Türkiye’de iş ve sanayi adamlarının tıpkı ABD ‘de olduğu gibi ellerinde içi dolar dolu James Bond çantalar siyasete şu ya da bu yolla yön vermelerini kabul etmek eşyanın doğasına aykırı. Demokrasilerde topluma yön veren kanaat önderleri, baskı grupları, sivil toplum örgütleri olabilir ama, iş adamının bireysel eylemleri; iki yönden akıllıca olmaz. Birincisi: Partileri yeniden düzenlemek onları sonunda mutlaka zora sokar. Ağır bedeller ödetir. İkincisi ise, hele bir seçim öncesinde seçime müdahale anlamına gelir ki; Dolmabahçe mülakatından daha zararlı bir müdahaledir tarzıdır da o nedenle.
SİYASETE KİM MÜDAHELE EDEBİLİR?
Bir ülkede askerin kurduğu rejime sahip çıkması “Vesayet rejimi” sayılıyor deniyorsa, ordu üzerinde yapılacak ve orduyu zafiyete uğratacak demokrasiyi zora sokacak bir anlam kazanmışsa, iç finans odaklarının, yani petrol veya Otomotiv, ya da İlaç sektörünün siyaseti parmaklaması, ya da siyasete dolaylı yoldan akıl vermesine ne diyeceğiz?
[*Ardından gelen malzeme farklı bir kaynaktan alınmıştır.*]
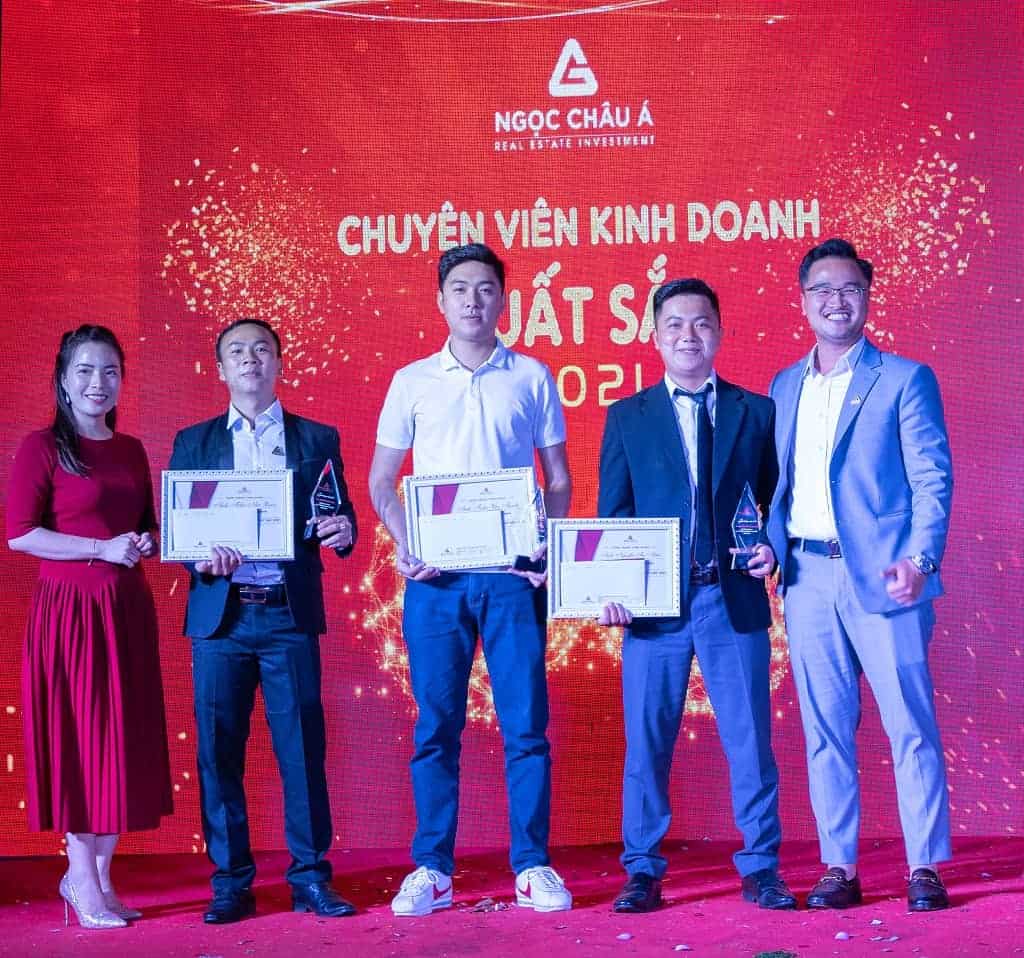 year-end-party-cua-cong-ty-ngoc-chau-a-dieuhuyenbds-com-ba-mai-bds-com9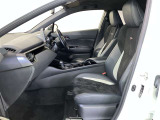 高いホールド性で運転姿勢が安定します。長距離ドライブでも疲れにくいのが魅力です。快適なドライビングライフをお送りください♪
Ya hele dış uzantıları ortada ve cümle alem biliyorsa?
Siyasete bizim ülkemizde dışarıdan müdahaleler oluyor mu?
Evet olabiliyor.
O kadar olabiliyorlar ki; İmaj Maker’ler nasıl Marcos’u, nasıl Carlos Menem’i yarattılarsa pek ala hiç yoktan Başbakanlar da yaratabiliyorlar. Hatta bunlara çok önemli rolleri de veriyorlar. İsmet Paşa buna asla izin vermezdi. Şimdi onun eski CHP‘si izin vermek şöyle dursun,hatta öncülükgörevini bile meşrulaştırabiliyor ve Etnik gruplara özerklik hakkından tutun, toprak dağıtımına, eşkıya ile önce gizli, sonra açıktan pazarlık masasına bile oturtulabiliyor.
GELELİM KASETLERE
Türk siyasetinde bugüne dek rastlamak şöyle dursun, akıllara bile düşmeyen kasetler skandalı, fail, mechüller arasında yer alıyor. Kasetler, düzmece CD’lerle insanlar yıllar boyu hapiste tutuluyor. Telefon görüşmelerini sırasında Mahkeme kararı olmadan dinleyebiliyorlar, bir genç subayın telefonuna sehven, o talihsiz genç adamın yaşamından 3 yıl çalabiliyorlar ve sonra da salıveriyorlar. Bunun hesabını soracak ne hukuk ne de adli merciler artık görevini güvenle yapamıyorlar. Muhalefet partilerden birin lideri kaset yüzünden istifa ediyor. Yetmiyor, bir başka muhalefetin tüm karar organları’nın ismetine girilerek mahrem kalması gereken özel yaşamın masuniyeti ihlal edilebiliyor. Bunları kim önleyecek?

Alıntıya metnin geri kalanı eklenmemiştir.